** Data follows **
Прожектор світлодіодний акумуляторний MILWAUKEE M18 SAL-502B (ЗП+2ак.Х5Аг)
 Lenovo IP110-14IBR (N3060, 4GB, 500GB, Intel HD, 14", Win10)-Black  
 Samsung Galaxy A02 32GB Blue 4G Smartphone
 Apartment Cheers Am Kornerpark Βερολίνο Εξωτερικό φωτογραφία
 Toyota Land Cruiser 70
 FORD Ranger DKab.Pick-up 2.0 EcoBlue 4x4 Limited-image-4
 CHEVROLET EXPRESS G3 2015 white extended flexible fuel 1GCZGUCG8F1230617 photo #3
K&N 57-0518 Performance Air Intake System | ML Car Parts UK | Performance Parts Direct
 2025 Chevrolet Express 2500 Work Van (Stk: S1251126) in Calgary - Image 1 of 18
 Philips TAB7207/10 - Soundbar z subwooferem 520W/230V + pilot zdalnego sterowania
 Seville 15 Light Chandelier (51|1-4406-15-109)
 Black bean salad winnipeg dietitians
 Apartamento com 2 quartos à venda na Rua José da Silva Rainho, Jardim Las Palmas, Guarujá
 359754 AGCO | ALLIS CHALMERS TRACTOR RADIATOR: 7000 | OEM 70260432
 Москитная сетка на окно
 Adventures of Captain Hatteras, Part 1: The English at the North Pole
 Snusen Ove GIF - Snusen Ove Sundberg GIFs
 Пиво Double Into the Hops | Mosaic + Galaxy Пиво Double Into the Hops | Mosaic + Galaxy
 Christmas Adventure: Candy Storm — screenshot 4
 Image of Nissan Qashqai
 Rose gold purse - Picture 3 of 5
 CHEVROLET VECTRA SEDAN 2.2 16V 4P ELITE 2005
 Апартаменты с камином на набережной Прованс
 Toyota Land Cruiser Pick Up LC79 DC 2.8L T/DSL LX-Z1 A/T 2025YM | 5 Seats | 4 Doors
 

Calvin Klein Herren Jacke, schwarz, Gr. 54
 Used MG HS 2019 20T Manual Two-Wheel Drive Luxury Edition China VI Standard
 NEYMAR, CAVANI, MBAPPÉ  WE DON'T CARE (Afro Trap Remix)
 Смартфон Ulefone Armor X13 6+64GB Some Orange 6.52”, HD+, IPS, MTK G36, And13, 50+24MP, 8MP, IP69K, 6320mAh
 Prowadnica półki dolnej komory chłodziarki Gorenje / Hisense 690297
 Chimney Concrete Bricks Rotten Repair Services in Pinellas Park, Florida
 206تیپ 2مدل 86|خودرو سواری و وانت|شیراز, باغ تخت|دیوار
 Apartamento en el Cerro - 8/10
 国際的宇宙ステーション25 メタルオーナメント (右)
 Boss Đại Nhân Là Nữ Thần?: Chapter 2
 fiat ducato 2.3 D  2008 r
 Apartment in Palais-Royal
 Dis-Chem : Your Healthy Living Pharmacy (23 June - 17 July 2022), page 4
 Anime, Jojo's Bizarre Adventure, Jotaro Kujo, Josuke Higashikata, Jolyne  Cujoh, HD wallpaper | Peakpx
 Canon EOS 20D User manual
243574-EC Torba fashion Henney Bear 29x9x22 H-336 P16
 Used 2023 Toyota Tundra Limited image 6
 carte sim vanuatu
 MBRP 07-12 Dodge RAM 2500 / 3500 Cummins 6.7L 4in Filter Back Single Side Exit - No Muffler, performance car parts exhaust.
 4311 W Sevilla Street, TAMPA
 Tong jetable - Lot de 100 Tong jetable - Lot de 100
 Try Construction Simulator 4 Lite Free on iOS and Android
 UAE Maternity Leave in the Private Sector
** End of Data **
# [To do]
Write out exactly the lines above from the line with "NEYMAR, CAVANI, MBAPPÉ" through the line with "fiat ducato 2.3", both of them included, and leave out all other lines.

# [Exercise answer]
 NEYMAR, CAVANI, MBAPPÉ  WE DON'T CARE (Afro Trap Remix)
 Смартфон Ulefone Armor X13 6+64GB Some Orange 6.52”, HD+, IPS, MTK G36, And13, 50+24MP, 8MP, IP69K, 6320mAh
 Prowadnica półki dolnej komory chłodziarki Gorenje / Hisense 690297
 Chimney Concrete Bricks Rotten Repair Services in Pinellas Park, Florida
 206تیپ 2مدل 86|خودرو سواری و وانت|شیراز, باغ تخت|دیوار
 Apartamento en el Cerro - 8/10
 国際的宇宙ステーション25 メタルオーナメント (右)
 Boss Đại Nhân Là Nữ Thần?: Chapter 2
 fiat ducato 2.3 D  2008 r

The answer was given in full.